As I noted in my comment, the IDF’s air dominance over Iran is well-nigh absolute. If it cannot destroy those impregnable nuclear facilities, it can isolate them by smashing up surrounding infrastructure, by disrupting the regime’s civilian and military chains of command, by striking military targets, by crippling key sectors of the economy such as transport, communications, the electrical grid, the oil industry. Israel, indeed, has the power to make Iran ungovernable, and it should pursue that aim with the utmost vigor. The Iranian people hate and fear the tyranny of the ayatollahs. By showing them that their oppressors are powerless to defend the country, Israel could well encourage the people to rise up against them.
Even if regime change turns out to be a bridge too far, the campaign suggested above is worth pursuing, because it would spell an end, for years at any rate, to Iran’s aspirations to become the Middle East’s dominant power. Its proxies—Hamas, Hezbollah, Syria—have already been neutralized. And now, the hollowness of its geopolitical pretentions stands exposed. As with all despotic regimes, a glance behind the curtain reveals corruption, incompetence, and decay.
The idea persists that somehow, a deal can be struck between the United States and Iran to dismantle the latter’s nuclear weapons development program. Color me dubious on that score. Even if the regime agreed to such a deal, its word could never be trusted, and it would never agree to the close international supervision necessary to prevent cheating. If President Trump is committed to his stated policy—that Iran cannot be permitted to go nuclear—the present war must be fought to a finish. But not by barging through the front door.
Thanks for the commentary on Lidell Hart's insights.
The 20th century "World Wars" really did involve most areas of the globe; the post-war peace was just as problematic and took longer to resolve.
After WWI, the victorious Allies and carved up three empires (Germany, Austria-Hungary and the Ottoman Empire) into new and unstable states (Czechoslovakia for example) and mandated 'spheres of influence' in the Middle East, while Russia went through years of revolutionary turmoil to become the USSR.
Post WWII, Europe was divided between the democracies in the west and Soviet 'satellite' states in the east. In Asia, Japan lost its overseas empire and Korea was divided into competing hostile regimes. In Asia, the forces of nationalism and communism worked in parallel to end the European powers' hold on colonial territories.

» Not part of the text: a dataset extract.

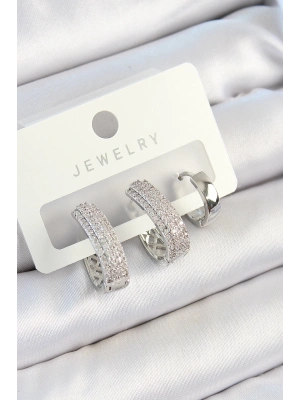 ® Pirinç Zirkon Taşlı Damla Model Gümüş Renk 3lü Çift Kadın Küpe Set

And of course, the Allied victors of WWII were greatly weakened, economically and in terms of their geopolitical standing, with the exception of the US and USSR, who nevertheless spent enormous sums of money and much diplomatic and military effort in trying to outdo each other, all the while threatening to turn the Earth into a nuclear wasteland.
(The foregoing is of course a vast oversimplification of what occurred)

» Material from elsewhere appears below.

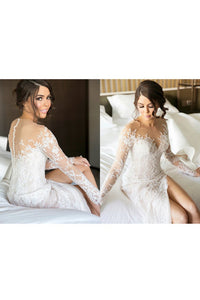 2023 Scoop Long Sleeves Lace With Slit Wedding Dresses Chapel Train Detachable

Do you think these outcomes were predictable? Could they have been avoided with more forethought given at the beginning of the conflict to what the postwar realities were likely to be?
"...protected by yards of concrete and steel, and could only be destroyed by the 30,000-pound American GBU-57A/B Massive Ordnance Penetrator—which can only be delivered by the US Air Force’s B-2 strategic bomber."
Or, once Iran is powerless to stop Israel's ground forces, go to the front door or the side door or the back door of the nuclear facility, drag that 30,000 pound bomb inside, place it in an appropriate location, light the fuse, and step back. POOF!
Actually since you wouldn't have to go through all that concrete to get to the reactor, a much smaller bomb would likely fill the bill. A large firecracker, as it were...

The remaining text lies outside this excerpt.